La nascita del piccolo borgo nel chietino si perde nella leggenda, dal momento che, si narra, sia stato fondato dai profughi che fuggivano dalle invasioni barbariche degli Unni nel 452 d.C. Il sito originario fu distrutto da un incendio appiccato dai barbari e gli abitanti scelsero lo sperone roccioso immerso nel verde sul quale oggi si inerpica Altino.
La ricchezza principale del paese è rappresentata dalle bellezze naturalistiche e paesaggistiche. Un gioiello di questo scrigno è la Riserva Naturale Regionale Lago di Serranella- Percorso delle Lanche.

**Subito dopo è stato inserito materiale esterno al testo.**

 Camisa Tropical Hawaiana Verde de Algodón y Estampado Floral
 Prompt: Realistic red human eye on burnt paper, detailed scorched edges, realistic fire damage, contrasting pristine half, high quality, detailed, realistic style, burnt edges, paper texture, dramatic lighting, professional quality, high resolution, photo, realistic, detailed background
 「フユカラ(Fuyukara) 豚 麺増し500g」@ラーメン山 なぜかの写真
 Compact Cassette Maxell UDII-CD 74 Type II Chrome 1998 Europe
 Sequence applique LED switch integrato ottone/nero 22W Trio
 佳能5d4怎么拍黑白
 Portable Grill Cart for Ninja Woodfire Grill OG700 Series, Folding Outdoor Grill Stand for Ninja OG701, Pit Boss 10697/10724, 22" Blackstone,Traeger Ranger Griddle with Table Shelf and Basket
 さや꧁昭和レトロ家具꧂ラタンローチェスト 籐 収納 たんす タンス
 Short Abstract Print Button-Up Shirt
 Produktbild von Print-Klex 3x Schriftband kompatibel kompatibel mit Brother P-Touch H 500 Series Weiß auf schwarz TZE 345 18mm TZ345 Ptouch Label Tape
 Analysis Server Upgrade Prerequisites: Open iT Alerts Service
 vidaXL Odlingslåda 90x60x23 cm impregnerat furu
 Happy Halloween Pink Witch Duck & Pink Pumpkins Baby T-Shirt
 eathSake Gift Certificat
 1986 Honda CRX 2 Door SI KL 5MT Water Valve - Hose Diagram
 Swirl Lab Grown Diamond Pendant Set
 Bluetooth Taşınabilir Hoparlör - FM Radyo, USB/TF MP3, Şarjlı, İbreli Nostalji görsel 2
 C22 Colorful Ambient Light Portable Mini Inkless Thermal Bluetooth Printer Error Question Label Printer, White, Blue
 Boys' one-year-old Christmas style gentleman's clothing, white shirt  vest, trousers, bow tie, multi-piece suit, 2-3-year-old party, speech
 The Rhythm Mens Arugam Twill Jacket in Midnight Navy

All’interno dell’area naturale è stata realizzata la cosiddetta “Collina degli Alberi Morti”, a cura di Sebastiano A. De Laurenti. L’originale opera artistica consiste in un insediamento di atmosfera noir e macabra che scaturisce dal sapiente uso di alberi recisi. I tronchi sono il luogo privilegiato per i nidi di alcune varietà di uccello come il picchio. L’intera collina è un accumulo sabbioso di vasta estensione, costituito da rena drenata dal fiume Sangro. In questo luogo De Laurenti, ha installato alberi e tronchi di enormi proporzioni, estratti integri dalla ghiaia, nella quale erano sepolti a una profondità di alcune decine di metri. Quello stato di conservazione ha innescato il processo che ha mummificato gli alberi, la maggior parte dei quali appartenenti alle querce, in particolare alle farnie.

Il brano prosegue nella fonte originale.